この3つを守るだけで、初心者でも堅実な資産形成に近づける。逆に言えば、「集中投資・短期売買・高コスト商品」を避けるだけで、多くの失敗を防げる。
具体的な方法:何から始めるか
以下は私が実際に参考にしたサイトと方法をまとめたものだ。詳しい解説はリンク先に任せることにする。
▶ 新NISAとは何かを知る
金融庁が提供する公式情報が最も正確だ。
→ 金融庁「新しいNISA」
▶ 投資信託のしくみを知る
▶ どの銘柄がよいか調べる
→ 日本経済新聞:新NISA・投資信託の選び方
→ みんかぶ:つみたて投資枠おすすめランキング
※注意:確実に値上がりする銘柄を当てることは誰も出来ない。最後は自己責任で決断してください。
▶ ネット証券口座を開く
手数料が安く、スマホで完結するネット証券が初心者には向いている。代表的なのは楽天証券・SBI証券の2社だ。どちらも口座開設は無料。
楽天証券・SBI証券リンク
なお、新NISAには年間投資上限額が設けられており、つみたて投資枠で年間120万円、成長投資枠で年間240万円、合計最大360万円まで非課税で運用できる。
始めてみて気づいたこと
口座を開設してから、思わぬ変化が3つあった。
① 新聞を読むようになった
世界の出来事が急に他人事ではなくなった。世界情勢が自分の生活や投資に影響する。
アメリカの金利政策、中東の情勢、円安の動向……今まで流し読みしていた記事が、突然リアルに見えてくる。「投資が経済の勉強になる」とは聞いていたが、これほど実感するとは思わなかった。
② 無駄遣いが減った
「この1万円、投資に回せるな」と考えるようになった。コンビニでなんとなく買っていたもの、なんとなく更新し続けていたサービス……見直すきっかけが生まれた。
③ 育てゲー感覚で楽しい
スマホでポートフォリオを眺めるのが、気がつくと日課になっていた。ゲームのキャラクターを育てるような感覚、とでも言えばいいだろうか。少しずつ数字が積み上がっていくのは、単純に楽しい。
まとめ
「投資はギャンブルだ」「自分には才能がない」と思っていた私が、今は毎月一定額を新NISAで積み立てている。

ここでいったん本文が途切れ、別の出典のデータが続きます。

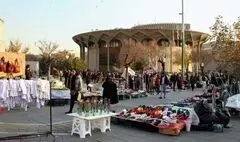 ساماندهی دستفروشان محدوده تئاتر شهر از هفته‌ آینده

始めるのが遅かったかもしれない。でも、始めないよりははるかにいい。50代からでも十分に間に合う、というのが今の率直な実感だ。
難しくない。怖くない。そして、思っていたよりずっと面白い。
まだ迷っているあなたへ。まず1冊、本を手に取ることから始めてほしい。
※本記事は個人の体験と学習をもとにした記録であり、特定の金融商品への投資を勧めるものではありません。投資にはリスクが伴います。判断はご自身の責任でお願いします。